27 July 2021

Books: Who Stole Sassi Manoon By Donald E. Westlake (1969)

“Who Stole Sassi Manoon? That was the question rocking Montego Bay Film Festival. You might ask Kelly Bram Nicholas IV, a twenty-five year old mad scientist and inventor of the sea-going computer STARNAP. Or Jigger Jackson, the girl who wants to be a movie star so badly she’d sell somebody else’s body. Or Major ffor-Linton and Miss Adelaide Rushby, who may or may not be English eccentrics. Or You might as Sassi herself –but she may not be able to tell you.” 

Apparently, this started out as a screenplay –which sort of explains some things. But when things fell through, Westlake adapted the screenplay into a novel and it doesn’t work, if only because Westlake is a novelist not who is not really deft at turning his own screenplay into a novel. Yes, he adapted Jim Thompson’s The Grifters into a brilliant, Oscar nominated screenplay and wrote a few others, but with Who Stole Sassi Manoon, this one may have not been a great screenplay to begin with, and so in prose, you see a lot of its weaknesses.
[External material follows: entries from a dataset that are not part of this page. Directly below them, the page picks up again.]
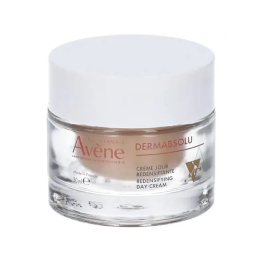 Avene DermAbsolu Crema Día Redensificante 50ml | HogarLider
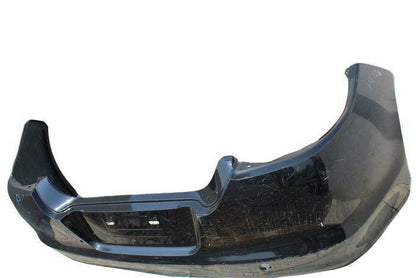 Rear Bumper Assembly PORSCHE PANAMERA 10 11 12 13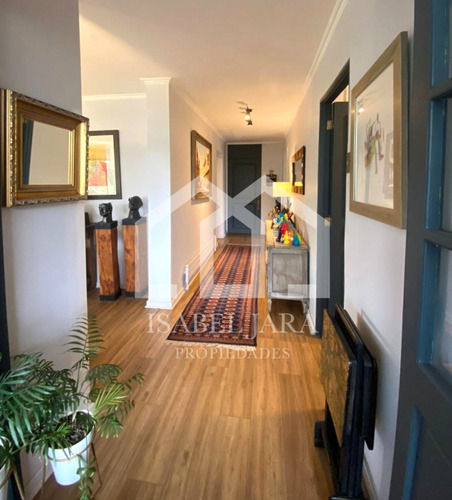 Categoría Depto Venta Remodelado 3d/3b Jardín Del Este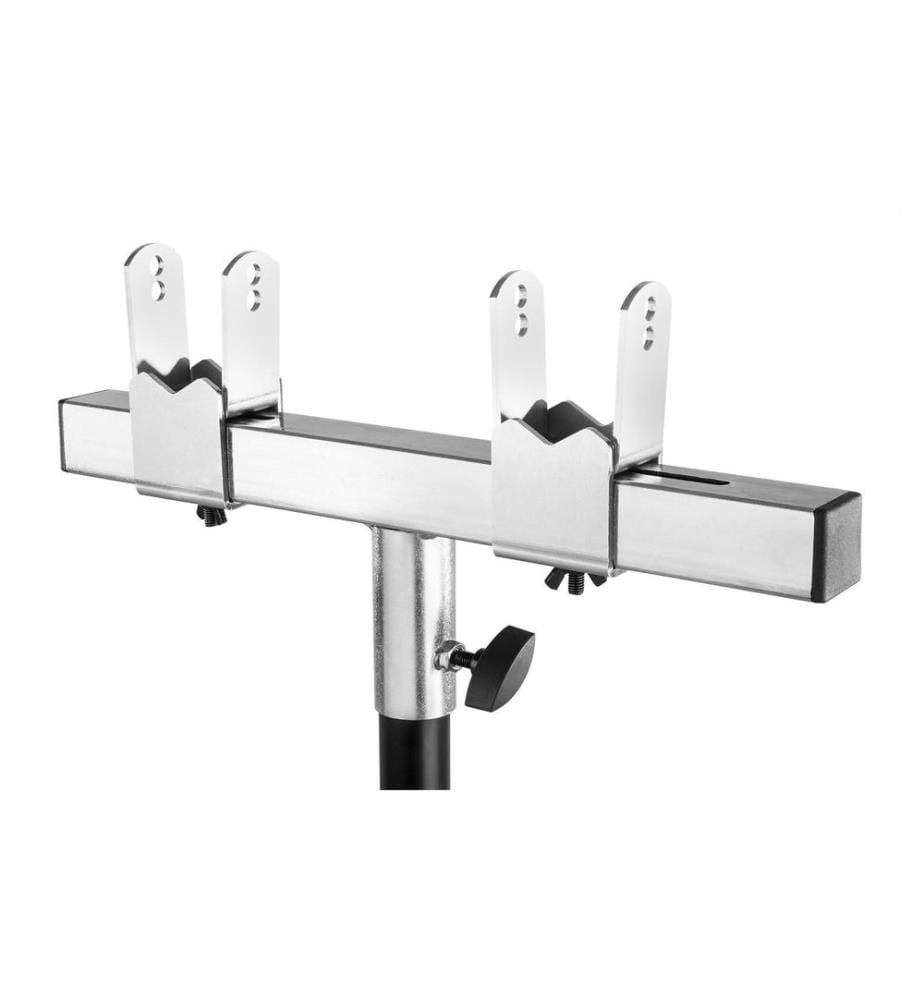 BEAMZ - Adapter BTS350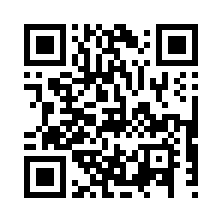 QR Code for 12dESGws65orRM8SSaTy2WzxMcTppHoqdC
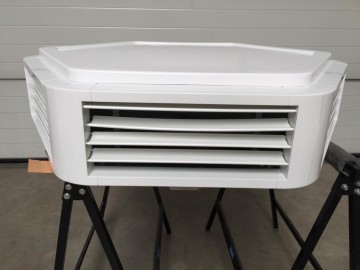 Photo 2023 05 23 09 40 23 4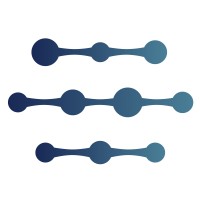 Expert Connections logo - Similar company to Execution Partners Llc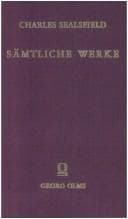Tapa de Lebensbilder aus der westlichen Hemisphäre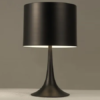 Replica Spun Light Table 1 Design Italiano Marca Miresa Replica Spun Light Table 1 Design Italiano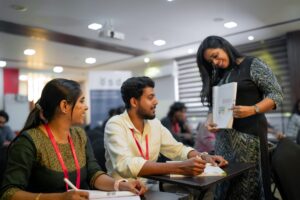 ÖSD Zertifikat A1 (ZA1) - OSD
So certainly not the best Westlake caper, yet it has your typical Westlake set-up with some amateur, clueless, bumbling guys who want to kidnap and ransom off a movie star, and who generally think they have an air tight plan. Until things go wrong. The STARNAP machine –while never explained on how it works, why it works, -is interesting device, but I’m not sure Westlake thought this through (same with the island in the middle of the ocean they end up towards the end –not sure how and why it’s there and how it gets fresh water for the multiple bathrooms). Kelly, Robbie, and Frank are not violent (they could be early designs on Dortmunder and his crew which was a few years off when this book was released), and they can be funny and the set-up, while a bit long-ish, is actually good, but it’s betrayed by a convoluted ending.

Still, there are well-written passages in the book, with Westlake taking another swipe at the movie industry –despite needing their money. And there some ideas that will get revisited –and done better- in later books, but all told, a caper novel you could pass on from this prolific writer.